A decade earlier, Turner had won rave reviews for her incendiary performance as “the Acid Queen” in the Who’s Tommy, but Aunty Entity was not a singing role. This was a lead role where Turner’s character fueled most of the film’s most dramatic scenes. However, before Turner transformed into Aunty Entity, she had another character to play — the title role in “Private Dancer”.

Roger Davies approached Brian Grant about directing Turner’s fourth and final video for Private Dancer. He recalls, “Roger sent it to me and said, ‘Have a listen to this.’ I listened to it and loved it. It’s thematic, it’s cinematic. It could be from a film. It’s got a story, so you’re already dealing with some kind of narrative. If you can interpret the song, not in a literal way, from a directing point of view, then it’s your script.

“There’s a reason that those of us who were making music videos at the time were there. We all wanted to make movies. You can’t do it with every piece of music. It’s impossible. You have to be driven by what the track’s doing. If you try and do something else, and I’ve done it, then you fail. When you get a track like ‘Private Dancer’, which has a narrative of some sort, and it is about something other than love and sex, then it gives you that opportunity to enhance your own ability. MTV was a kind of apprenticeship. Other people paid for our film school, basically, so here’s an opportunity to do something that’s a period piece, which is always beautiful.

“I didn’t quite know what ‘Private Dancer’ was all about at first, so I did some research. It’s about a taxi dancer. Taxi dancers were paid dance partners in dance halls in the twenties and thirties in Chicago and New York. Basically, you could walk into a taxi dance hall and hire a woman to dance with you. You paid for how many dances you had with her. Once I realized that, I thought, There’s a very interesting story there. I had somewhere to start. I thought, How do we do this? You can’t just have an entire video where Tina is dancing with lots of men who are constantly paying for her. Once you’ve seen that twice, you’ve seen it! I remember thinking to myself, I’ve got to go into what this woman is really about. In other words, try and illuminate the character in the song. That was the starting point.”

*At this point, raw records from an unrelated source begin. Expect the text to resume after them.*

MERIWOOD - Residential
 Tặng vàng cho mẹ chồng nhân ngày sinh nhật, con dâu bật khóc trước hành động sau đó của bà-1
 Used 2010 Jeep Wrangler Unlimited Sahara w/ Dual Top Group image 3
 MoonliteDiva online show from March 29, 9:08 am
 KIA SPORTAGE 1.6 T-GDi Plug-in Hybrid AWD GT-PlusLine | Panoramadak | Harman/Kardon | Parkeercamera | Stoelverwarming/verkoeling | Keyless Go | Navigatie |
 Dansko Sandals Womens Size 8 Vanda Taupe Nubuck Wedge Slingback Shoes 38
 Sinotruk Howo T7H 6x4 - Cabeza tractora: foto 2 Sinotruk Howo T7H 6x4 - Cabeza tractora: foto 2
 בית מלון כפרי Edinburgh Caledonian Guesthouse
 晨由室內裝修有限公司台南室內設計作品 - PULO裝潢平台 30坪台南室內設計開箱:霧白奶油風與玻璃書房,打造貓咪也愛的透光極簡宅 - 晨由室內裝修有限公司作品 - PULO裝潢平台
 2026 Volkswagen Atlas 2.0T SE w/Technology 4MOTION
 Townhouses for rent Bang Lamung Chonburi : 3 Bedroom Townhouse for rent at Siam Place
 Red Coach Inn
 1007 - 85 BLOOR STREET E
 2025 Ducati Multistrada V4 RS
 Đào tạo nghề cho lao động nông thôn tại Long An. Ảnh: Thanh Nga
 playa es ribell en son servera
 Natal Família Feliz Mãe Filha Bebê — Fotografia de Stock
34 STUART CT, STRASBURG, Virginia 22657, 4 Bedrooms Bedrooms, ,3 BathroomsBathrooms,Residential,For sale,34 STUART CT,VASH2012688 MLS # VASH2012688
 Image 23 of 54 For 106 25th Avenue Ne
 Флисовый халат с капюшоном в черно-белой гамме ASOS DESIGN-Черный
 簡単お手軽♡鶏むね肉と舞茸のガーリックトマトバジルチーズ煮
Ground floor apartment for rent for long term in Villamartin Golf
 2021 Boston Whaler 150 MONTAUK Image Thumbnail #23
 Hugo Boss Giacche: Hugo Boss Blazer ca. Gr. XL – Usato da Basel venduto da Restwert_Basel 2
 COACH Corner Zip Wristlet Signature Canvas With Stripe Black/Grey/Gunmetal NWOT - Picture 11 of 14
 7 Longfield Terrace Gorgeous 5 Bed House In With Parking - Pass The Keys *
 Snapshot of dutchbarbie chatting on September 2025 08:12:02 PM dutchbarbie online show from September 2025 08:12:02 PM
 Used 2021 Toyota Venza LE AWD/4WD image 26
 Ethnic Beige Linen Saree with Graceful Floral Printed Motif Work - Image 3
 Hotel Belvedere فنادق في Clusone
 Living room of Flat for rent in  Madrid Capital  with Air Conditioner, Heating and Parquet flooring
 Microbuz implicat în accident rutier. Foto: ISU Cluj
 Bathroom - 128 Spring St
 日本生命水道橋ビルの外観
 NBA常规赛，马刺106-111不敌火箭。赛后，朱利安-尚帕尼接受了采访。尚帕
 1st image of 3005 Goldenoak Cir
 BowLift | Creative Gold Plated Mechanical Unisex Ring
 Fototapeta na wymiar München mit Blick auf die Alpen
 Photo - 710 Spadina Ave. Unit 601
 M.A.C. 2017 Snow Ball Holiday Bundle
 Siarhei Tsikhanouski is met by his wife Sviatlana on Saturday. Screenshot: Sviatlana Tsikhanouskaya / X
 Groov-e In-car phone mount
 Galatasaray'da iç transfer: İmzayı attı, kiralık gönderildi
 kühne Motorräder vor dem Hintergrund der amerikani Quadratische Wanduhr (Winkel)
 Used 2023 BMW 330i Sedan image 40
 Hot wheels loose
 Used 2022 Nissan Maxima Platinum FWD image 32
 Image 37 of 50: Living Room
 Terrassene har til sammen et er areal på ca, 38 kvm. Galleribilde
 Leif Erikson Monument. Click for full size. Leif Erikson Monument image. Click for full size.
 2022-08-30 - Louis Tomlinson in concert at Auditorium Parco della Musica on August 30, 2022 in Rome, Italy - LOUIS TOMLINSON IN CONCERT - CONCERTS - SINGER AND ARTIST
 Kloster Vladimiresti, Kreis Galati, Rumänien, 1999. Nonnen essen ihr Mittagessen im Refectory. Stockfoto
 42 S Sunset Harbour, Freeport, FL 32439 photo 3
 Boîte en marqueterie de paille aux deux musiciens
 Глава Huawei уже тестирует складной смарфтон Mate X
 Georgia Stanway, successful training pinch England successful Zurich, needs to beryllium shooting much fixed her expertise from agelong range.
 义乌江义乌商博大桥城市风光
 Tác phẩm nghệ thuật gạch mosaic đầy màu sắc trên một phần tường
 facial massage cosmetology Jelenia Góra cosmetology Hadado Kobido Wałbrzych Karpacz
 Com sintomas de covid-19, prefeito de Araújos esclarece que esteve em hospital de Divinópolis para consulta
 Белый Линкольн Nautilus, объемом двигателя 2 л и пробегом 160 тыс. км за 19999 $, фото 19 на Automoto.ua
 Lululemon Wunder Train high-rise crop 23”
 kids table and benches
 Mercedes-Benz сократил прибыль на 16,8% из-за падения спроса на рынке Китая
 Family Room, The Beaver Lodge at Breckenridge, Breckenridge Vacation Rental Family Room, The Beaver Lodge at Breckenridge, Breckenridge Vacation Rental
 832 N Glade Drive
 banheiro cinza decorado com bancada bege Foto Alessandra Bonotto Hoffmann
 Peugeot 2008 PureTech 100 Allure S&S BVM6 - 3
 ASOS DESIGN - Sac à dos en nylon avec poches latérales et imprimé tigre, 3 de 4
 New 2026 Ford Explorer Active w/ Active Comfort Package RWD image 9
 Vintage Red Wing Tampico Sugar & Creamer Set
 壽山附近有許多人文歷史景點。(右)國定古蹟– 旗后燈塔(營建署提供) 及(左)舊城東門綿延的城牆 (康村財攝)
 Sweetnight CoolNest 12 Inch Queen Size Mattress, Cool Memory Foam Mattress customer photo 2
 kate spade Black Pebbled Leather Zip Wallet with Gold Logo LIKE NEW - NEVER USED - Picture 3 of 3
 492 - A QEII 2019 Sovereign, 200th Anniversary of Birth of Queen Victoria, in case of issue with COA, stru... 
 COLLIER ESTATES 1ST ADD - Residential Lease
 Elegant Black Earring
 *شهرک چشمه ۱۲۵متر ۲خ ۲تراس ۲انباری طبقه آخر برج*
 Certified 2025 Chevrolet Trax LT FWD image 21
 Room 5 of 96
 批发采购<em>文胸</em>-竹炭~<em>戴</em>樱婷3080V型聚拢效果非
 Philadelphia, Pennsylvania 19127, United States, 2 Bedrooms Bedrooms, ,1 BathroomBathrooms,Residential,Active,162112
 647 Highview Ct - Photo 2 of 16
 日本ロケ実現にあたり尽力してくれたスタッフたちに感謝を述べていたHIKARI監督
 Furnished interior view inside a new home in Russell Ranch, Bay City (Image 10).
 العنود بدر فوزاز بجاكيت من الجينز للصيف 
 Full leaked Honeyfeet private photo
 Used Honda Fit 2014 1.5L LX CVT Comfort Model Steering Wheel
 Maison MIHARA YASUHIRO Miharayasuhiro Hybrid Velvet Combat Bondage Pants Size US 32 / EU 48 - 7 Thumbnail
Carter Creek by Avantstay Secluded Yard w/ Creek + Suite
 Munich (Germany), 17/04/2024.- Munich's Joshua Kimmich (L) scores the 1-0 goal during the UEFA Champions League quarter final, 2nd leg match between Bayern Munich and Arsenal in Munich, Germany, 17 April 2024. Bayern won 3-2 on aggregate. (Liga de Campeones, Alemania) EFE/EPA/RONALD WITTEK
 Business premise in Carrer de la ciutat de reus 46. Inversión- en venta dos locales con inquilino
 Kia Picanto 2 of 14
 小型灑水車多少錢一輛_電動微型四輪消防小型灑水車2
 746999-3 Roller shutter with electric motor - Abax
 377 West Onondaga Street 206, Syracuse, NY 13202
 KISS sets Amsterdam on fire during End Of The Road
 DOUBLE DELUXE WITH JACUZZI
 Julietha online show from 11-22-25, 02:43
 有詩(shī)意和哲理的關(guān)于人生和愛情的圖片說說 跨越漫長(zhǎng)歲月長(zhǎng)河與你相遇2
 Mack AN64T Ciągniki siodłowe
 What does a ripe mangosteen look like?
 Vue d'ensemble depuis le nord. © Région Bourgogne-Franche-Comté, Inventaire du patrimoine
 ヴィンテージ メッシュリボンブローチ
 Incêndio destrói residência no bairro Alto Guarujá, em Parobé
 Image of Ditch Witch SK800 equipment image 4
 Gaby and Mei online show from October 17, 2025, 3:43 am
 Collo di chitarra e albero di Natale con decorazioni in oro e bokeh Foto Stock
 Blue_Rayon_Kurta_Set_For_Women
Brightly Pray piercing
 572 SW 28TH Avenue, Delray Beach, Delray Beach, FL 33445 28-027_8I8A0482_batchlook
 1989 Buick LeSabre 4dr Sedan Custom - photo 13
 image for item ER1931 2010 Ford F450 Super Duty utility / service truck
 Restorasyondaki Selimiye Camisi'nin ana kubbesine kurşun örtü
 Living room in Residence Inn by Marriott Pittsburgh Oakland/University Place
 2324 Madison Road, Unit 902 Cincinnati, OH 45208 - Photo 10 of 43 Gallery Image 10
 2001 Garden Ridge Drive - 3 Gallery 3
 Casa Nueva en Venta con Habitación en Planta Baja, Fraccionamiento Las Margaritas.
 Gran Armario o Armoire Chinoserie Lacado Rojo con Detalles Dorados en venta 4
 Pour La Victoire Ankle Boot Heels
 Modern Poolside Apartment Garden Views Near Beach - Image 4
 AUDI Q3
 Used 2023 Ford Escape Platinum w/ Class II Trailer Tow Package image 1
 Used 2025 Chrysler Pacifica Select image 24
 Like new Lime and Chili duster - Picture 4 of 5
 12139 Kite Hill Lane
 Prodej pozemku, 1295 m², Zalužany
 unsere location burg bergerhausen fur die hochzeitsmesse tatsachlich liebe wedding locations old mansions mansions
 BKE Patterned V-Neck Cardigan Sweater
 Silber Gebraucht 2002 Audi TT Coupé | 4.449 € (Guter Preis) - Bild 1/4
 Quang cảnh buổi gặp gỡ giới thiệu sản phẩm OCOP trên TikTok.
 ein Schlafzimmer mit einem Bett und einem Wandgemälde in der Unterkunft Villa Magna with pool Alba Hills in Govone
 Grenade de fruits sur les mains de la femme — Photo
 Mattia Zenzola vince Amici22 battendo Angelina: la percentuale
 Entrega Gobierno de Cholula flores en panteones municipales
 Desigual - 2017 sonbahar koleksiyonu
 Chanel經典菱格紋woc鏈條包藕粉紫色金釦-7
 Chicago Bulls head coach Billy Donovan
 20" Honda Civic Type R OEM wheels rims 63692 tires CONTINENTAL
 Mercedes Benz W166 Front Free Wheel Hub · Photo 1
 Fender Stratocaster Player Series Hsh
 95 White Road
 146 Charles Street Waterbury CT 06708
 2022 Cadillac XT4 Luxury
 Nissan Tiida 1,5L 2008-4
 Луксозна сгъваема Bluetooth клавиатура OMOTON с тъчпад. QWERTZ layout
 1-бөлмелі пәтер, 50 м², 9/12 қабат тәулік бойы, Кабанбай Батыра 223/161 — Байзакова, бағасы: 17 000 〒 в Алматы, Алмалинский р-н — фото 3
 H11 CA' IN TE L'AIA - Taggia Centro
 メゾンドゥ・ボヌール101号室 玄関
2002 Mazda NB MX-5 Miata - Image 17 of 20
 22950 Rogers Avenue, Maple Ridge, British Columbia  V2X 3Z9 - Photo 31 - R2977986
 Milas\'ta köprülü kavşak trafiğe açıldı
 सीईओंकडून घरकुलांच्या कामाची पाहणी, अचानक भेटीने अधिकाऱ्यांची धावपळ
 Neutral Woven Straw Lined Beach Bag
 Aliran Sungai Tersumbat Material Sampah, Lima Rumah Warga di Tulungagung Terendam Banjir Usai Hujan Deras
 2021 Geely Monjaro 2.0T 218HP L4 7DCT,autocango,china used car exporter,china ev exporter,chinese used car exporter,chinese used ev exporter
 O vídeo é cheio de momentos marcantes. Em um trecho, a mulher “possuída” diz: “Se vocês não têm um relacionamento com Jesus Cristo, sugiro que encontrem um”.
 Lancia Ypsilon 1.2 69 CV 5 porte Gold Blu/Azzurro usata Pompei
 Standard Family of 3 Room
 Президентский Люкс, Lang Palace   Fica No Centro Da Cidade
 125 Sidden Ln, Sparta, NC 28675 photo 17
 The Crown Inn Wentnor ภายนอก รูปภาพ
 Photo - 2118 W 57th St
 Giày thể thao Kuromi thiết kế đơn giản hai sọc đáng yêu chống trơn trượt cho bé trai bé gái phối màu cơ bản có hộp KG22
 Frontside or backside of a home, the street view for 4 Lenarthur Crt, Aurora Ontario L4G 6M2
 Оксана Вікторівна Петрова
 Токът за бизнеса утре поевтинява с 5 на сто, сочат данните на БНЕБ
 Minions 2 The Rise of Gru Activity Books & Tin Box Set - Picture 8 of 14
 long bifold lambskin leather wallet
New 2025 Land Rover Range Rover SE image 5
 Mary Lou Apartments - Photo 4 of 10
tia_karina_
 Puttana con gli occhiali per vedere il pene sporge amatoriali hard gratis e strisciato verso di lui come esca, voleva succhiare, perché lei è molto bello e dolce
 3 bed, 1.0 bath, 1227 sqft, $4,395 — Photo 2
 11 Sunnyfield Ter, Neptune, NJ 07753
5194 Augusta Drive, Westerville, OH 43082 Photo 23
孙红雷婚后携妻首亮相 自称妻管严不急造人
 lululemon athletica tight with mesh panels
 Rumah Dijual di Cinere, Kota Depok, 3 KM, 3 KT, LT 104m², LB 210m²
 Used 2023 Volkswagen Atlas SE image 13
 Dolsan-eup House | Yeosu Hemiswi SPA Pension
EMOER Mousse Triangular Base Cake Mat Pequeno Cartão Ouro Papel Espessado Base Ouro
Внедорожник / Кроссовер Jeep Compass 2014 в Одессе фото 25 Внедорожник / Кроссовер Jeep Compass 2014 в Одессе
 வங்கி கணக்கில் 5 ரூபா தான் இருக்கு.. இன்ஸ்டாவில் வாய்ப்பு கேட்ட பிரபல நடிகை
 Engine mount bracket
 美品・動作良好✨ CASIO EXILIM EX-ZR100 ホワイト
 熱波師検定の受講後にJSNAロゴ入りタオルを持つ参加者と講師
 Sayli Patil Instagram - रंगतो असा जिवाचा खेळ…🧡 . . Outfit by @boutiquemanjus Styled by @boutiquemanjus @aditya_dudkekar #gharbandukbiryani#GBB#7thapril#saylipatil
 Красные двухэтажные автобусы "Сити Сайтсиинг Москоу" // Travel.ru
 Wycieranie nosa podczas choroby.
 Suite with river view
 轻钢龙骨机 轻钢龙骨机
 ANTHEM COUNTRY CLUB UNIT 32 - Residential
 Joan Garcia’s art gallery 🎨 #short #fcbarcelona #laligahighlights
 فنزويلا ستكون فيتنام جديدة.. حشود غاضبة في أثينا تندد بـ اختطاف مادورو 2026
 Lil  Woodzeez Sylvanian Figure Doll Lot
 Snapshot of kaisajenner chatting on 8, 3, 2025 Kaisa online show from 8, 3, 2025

Grant enlisted his longtime collaborator Arlene Phillips to choreograph the video. “Arlene’s choreographed almost everything I’ve ever done,” he says.For Arlene, ‘Private Dancer’ was wonderful because it’s a celebration of dance and at that point she was the go-to choreographer in London, therefore she attracted all the best dancers and had very distinct ideas.” In fact, the same night Turner performed at the first MTV Video Music Awards, Phillips received a “Best Choreography” nomination for her work on Donna Summer’s “She Works Hard for the Money”, directed by Grant.

The director and choreographer scouted locations around London before discovering the Rivoli Ballroom in Southeast London. “It was about to close down because they had found asbestos in the roof, which was very very dangerous,” says Phillips. “They agreed to let us make the video there but it was closing down the day after. It was like being on a building site yet they had preserved the ballroom. The ceiling was rough. The dressing rooms, the toilets, everything was really quite unpleasant … not a place you’d want to go!” Grant continues, “We used the Rivoli Ballroom for itself, but then we built little tiny sets inside the ballroom. Each one of those sets was much smaller than it looks, believe me. We would have done all of those inserts first, taken them all down, and then we would have had the big space of the ballroom to shoot the wide stuff.”

Turner’s role as the taxi dancer embodied a poignant exploration of reality versus fantasy. “I treated it like I would do a drama,” says Grant. “Let’s create a character. Every day she goes to work, she puts her makeup on, she goes out, she dances, she has to put a smile on. She dances with this guy or that guy. It becomes tedious. It’s boring as hell. I thought, What’s really going on in the head of this woman as she dances with these people? I made up the fact that maybe she wanted to be a professional dancer in another way, maybe she wanted to be a ballerina or maybe she wanted to be a flamenco dancer. What I’m thinking is, as she’s dancing with this guy, a way to get past the drudgery and the boredom of it all is to pretend you’re doing something else, as it were. That’s how I think I conveyed it to Tina — you’re playing two characters. You’re playing the real taxi dancer, and within that character is a fantasy of another character.” That duality anchored the most dramatic and conceptually elaborate video Turner ever made. 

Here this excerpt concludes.